Each specified output has advantages and disadvantages. Table chunk aligned text and translations are not easy to edit, but can produce refined presentations in precise alignment. Bifocal preview alignment is not always precise, but does offer an easily editable preview of more readable table aligned chunk translations. Simple monospace alignment is, like many forms of source text, not the easiest to read, but it can function in most of the most basic types of input fields, such as Textarea Input fields commonly used on the Internet.
Table chunk alignments are easy to read, but are not easy to edit. Typically, a user is required to control a separate “source text” document, and then toggle back and forth between this editable source text and the “target” preview or print version of the document represented in FIG. 10. While there are some means in prior art available to directly edit chunks of text and translation within a pre-defined block of a previewed presentation, there is not, prior to the present invention, a comparatively simple means to edit and control the chunking 444 and alternative rechunking of the original text 110.
Simple monospace alignment is easy to edit, but not easy to read. Reading can be difficult where the chunks of translations 652 are longer than the chunks of text 651. As specified above, the alignment process can force many extra spaces to be appended to text chunk. Unusual and large gaps in the text make the reading of it more difficult and less natural.
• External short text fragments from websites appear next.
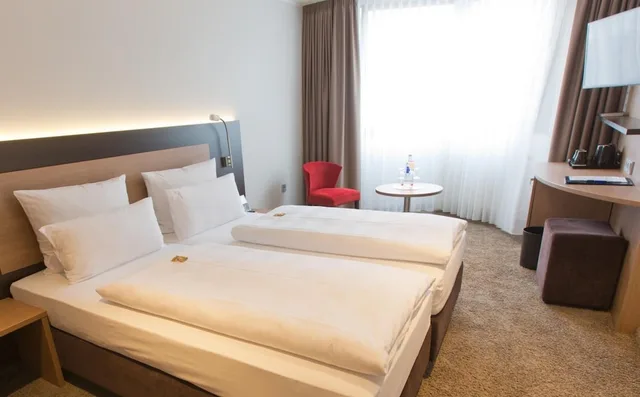 غرفة كومفورت بسرير كوين، Astor And Aparthotel 1/6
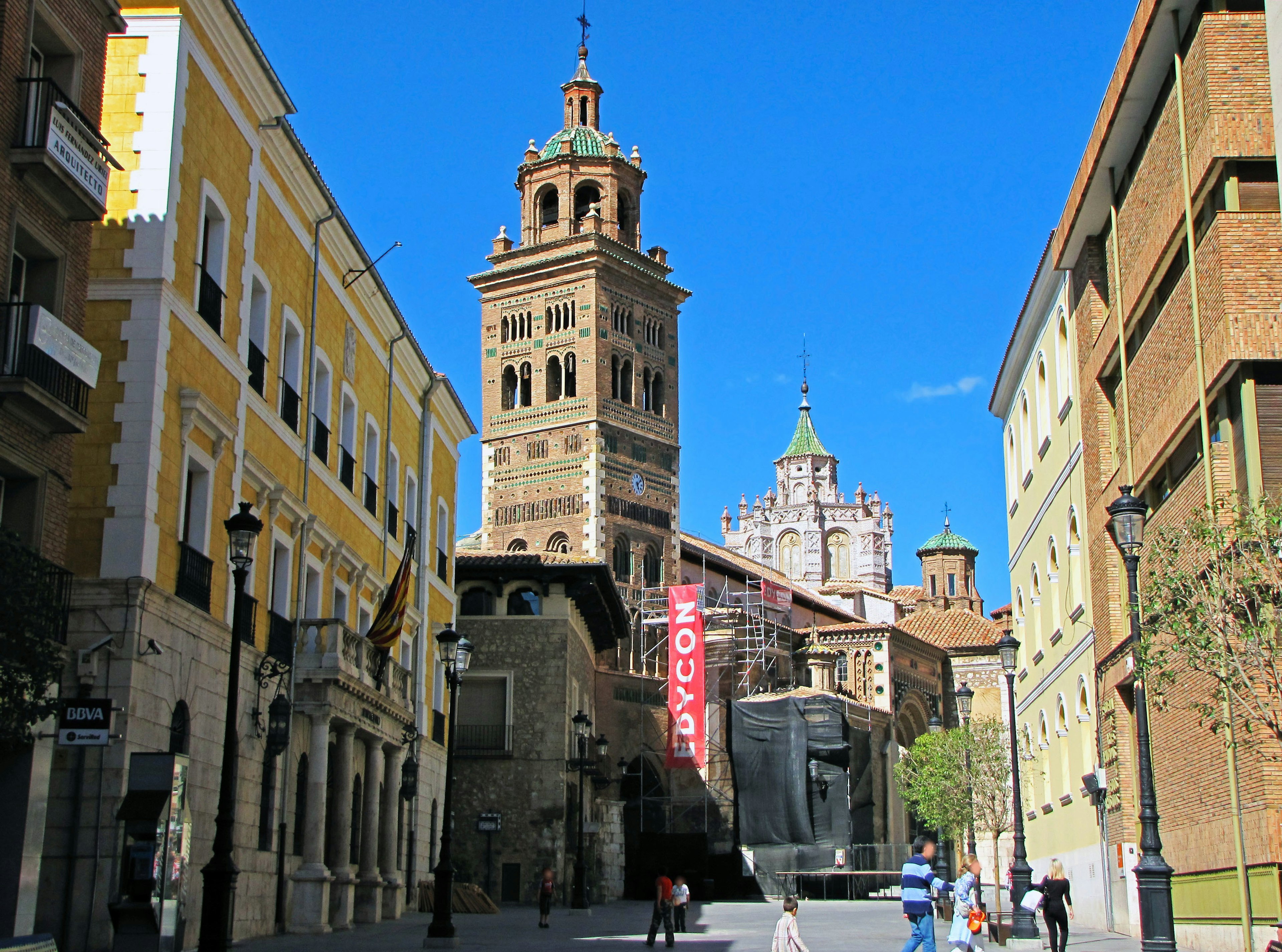 Vista storica di una strada con una torre alta e edifici colorati in Spagna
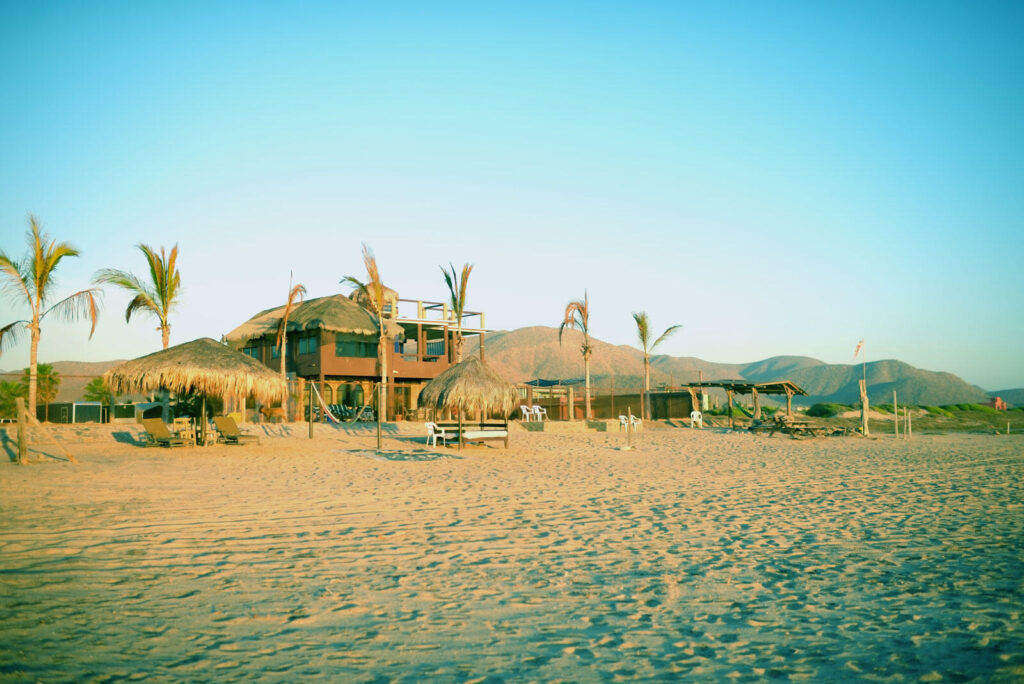 Cabo Luxury Las Tunas The Nacuii Residence is a refined luxury home crafted to exceed the expectations of even the most discerning buyer. Nestled on a generous and private 3,000 m² lot (0.73 acres), it's just a short, effortless stroll to the untouched, sandy shores of Las Tunas — perfect for enjoying the serene coastal landscape and dramatic sunsets. The home offers a thoughtful layout with 3 spacious bedrooms, a separate studio, a cozy TV lounge, and 6 full bathrooms, including two principal suites, a guest room, a detached studio, and a dedicated media or family room. Expansive sliding glass doors invite natural light throughout the interiors while showcasing tranquil garden for sale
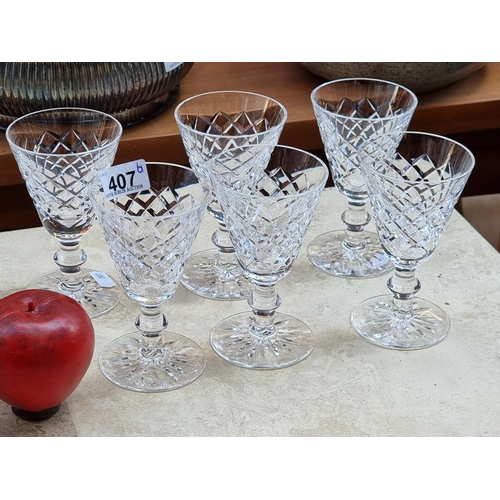 407 - Six stemmed Waterford Crystal glasses in the Adare pattern with acid marks to base. In VGC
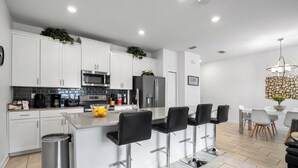A modern kitchen with white cabinets, stainless steel appliances, and a bar area with black stools. - Resort Style, close to Disney and other parks Wlking Distance to Oasis Club (Davenport)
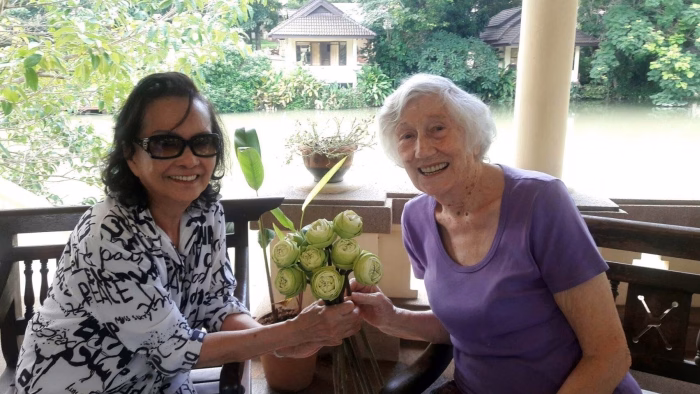 Two residents exchanging fruit on the lakeside terrace.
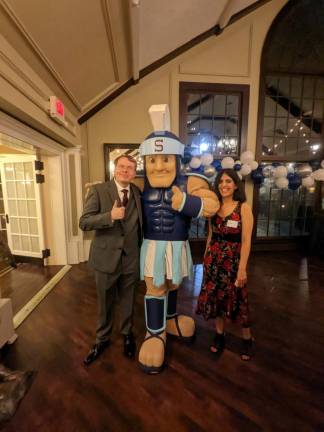 Callum McAuley, who was the SHS mascot in 2011, poses with Julie Patel and Sparty.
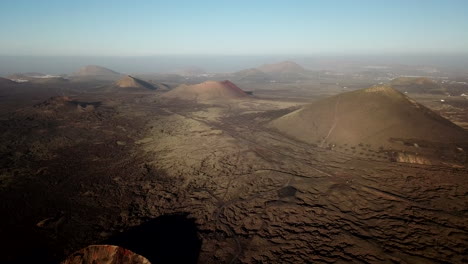 Flying-over-crater-of-volcano,-Lanzarote,-Spain,-Canary-Islands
Bifocal preview alignment is easier to read and easier to edit. While not as refined as the FIG. 10 example, the bifocal preview alignment shown in FIG. 8 is easier to read that the simple monospace alignment. But unlike FIG. 10, FIG. 8 bifocal previews of chunk translations can be as easily edited and realigned using many existing and readily available text editing programs.
Bifocal previews are aligned 666 using monospace font faces. Font faces such as Courier, Andale Mono, Liberation Mono and the like are called “monospace” fonts because each character, including empty spaces, is exactly the same width. Non-monospace typefaces such as Arial or Times have variable widths for separate characters: for example, the letter “m” is wider than the letter “i”. Non-monospace fonts cannot yet be accurately aligned 666 without the use of tables 920. This limitation does not apply to monospace fonts.
Simple monospace alignment can be controlled in Internet Textarea Input fields. The aligned output represented in FIG. 6 is useful: it allows aligned chunk translation input to be managed in standard Textarea Input fields, such as those in standard use on the Internet. Typically, Textarea Input forms render text in default monospace font typeface, while also allowing more than one space to be included between words. Thus, in accordance with the preferred embodiments of the present invention, Internet standard Textarea Input text editing environments can be used to create and manage chunked text translations.
Constant width enables monospace fonts to align easily. Constant character width common in monospace fonts is used to align 666 both the simple monospace and the bifocal preview output of chunk translation formats.
Aligning each chunk translation in simple monospace is straightforward. First, to find the longer chunk, total the number of letters and spaces between them, add two spaces, and then subtract the number of letters and spaces in the shorter chunk. The resulting number is the number of empty spaces that must be added to the shorter chunk, so that the following chunk can start at the same point of horizontal alignment. Obviously, if both chunks have the same amount of characters, or if no more chunks remain on a particular line, these operations are not performed. Thus, the correct number of spaces is added to the shorter chunk.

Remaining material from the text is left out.